=== TASK STATEMENT ===
An exact copy of each line below is needed, with no images in it.

=== INFORMATION SUPPLIED ===
- Opening Delimiter -
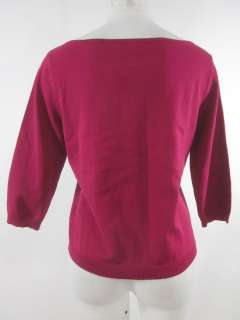   new york dark pink 3 4 sleeve sweater size petite large boat neck 3
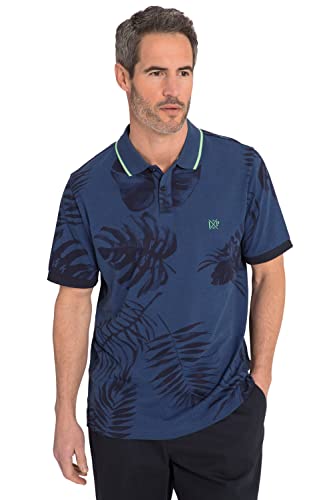 JP 1880 Herren große Größen Übergrößen Menswear L-8XL Poloshirt, Halbarm, Piqué, floraler Print Mattes Nachtblau 4XL 815192130-4XL von JP 1880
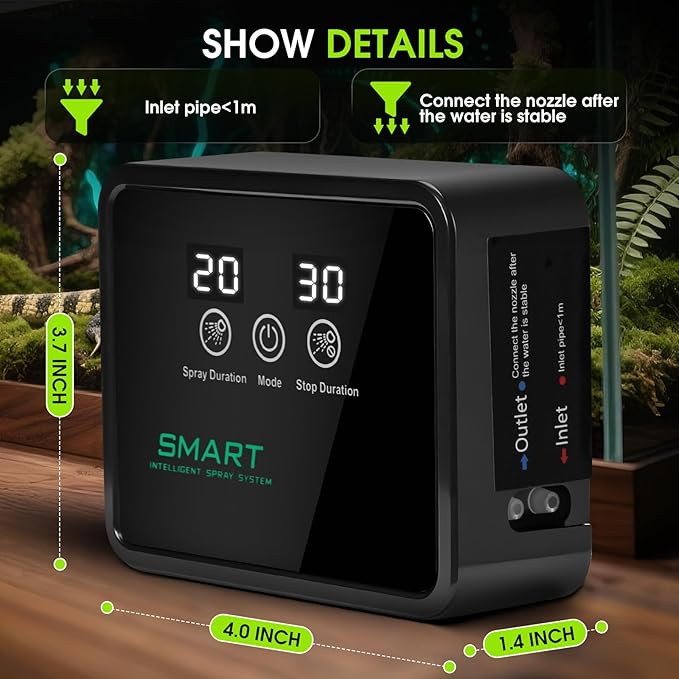 Reptile Humidifier Reptile Mister System with Timer & 360° Nozzles, Chameleons, Snakes, Frogs Misting for Terrarium, Auto Misting for Terrariums, Adjustable Nozzles & Quiet Operation - Image 2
- Closing Delimiter -
=== TASK RESPONSE ===
   new york dark pink 3 4 sleeve sweater size petite large boat neck 3
 JP 1880 Herren große Größen Übergrößen Menswear L-8XL Poloshirt, Halbarm, Piqué, floraler Print Mattes Nachtblau 4XL 815192130-4XL von JP 1880
 Reptile Humidifier Reptile Mister System with Timer & 360° Nozzles, Chameleons, Snakes, Frogs Misting for Terrarium, Auto Misting for Terrariums, Adjustable Nozzles & Quiet Operation - Image 2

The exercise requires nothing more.